Les premières mentions de ce lieu, en tant que communauté spirituelle, remontent au IXe siècle. Les canyons du Sil, ce monument naturel de la province d'Orense, semble un endroit magnifique pour s'isoler et méditer. Et c'est précisément dans une colonie d'ascètes que l'on semble trouver ses origines, comme c'est le cas d'autres groupements monastiques galiciens. Mais ce n'est que plus tard, au XIIe siècle, qu'il est devenu un véritable monastère, appartenant à l'ordre des bénédictins. La construction de son église peut être placée à ces dates, mais le reste des constructions apparaissent plus tard.
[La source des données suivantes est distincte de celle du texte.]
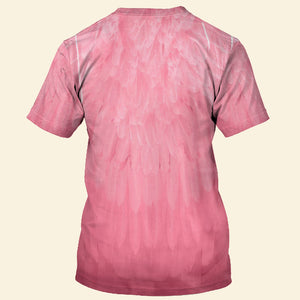 Halloween Costume Flamingo Costume Adult T-Shirt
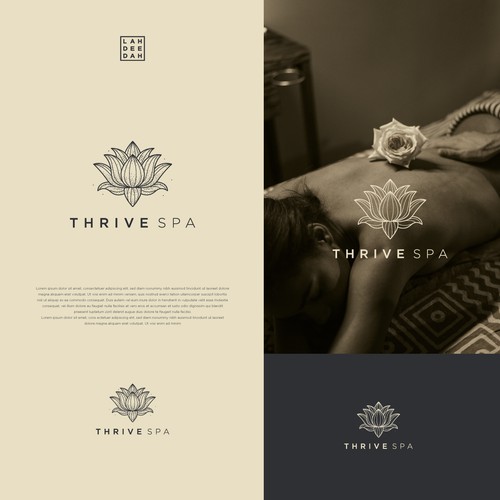 Logo design for a massage therapist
Pendant trois siècles, il a vécu une période de prospérité, ayant de larges possessions dans la région. Pendant la période médiévale, il a contemplé sa splendeur comme l'un des plus importants monastères de la Ribeira Sacra. Aujourd'hui encore, ses vestiges révèlent des particularités architecturales qui en font un joyau unique. Avec le temps, son importance a diminué et, à la fin du Moyen Âge, il est devenu une partie dépendante du monastère voisin de San Esteban de Ribas de Sil. Il en va de même pour San Vicente de Pombeiro, situé dans la ville de Pantón à Lugo.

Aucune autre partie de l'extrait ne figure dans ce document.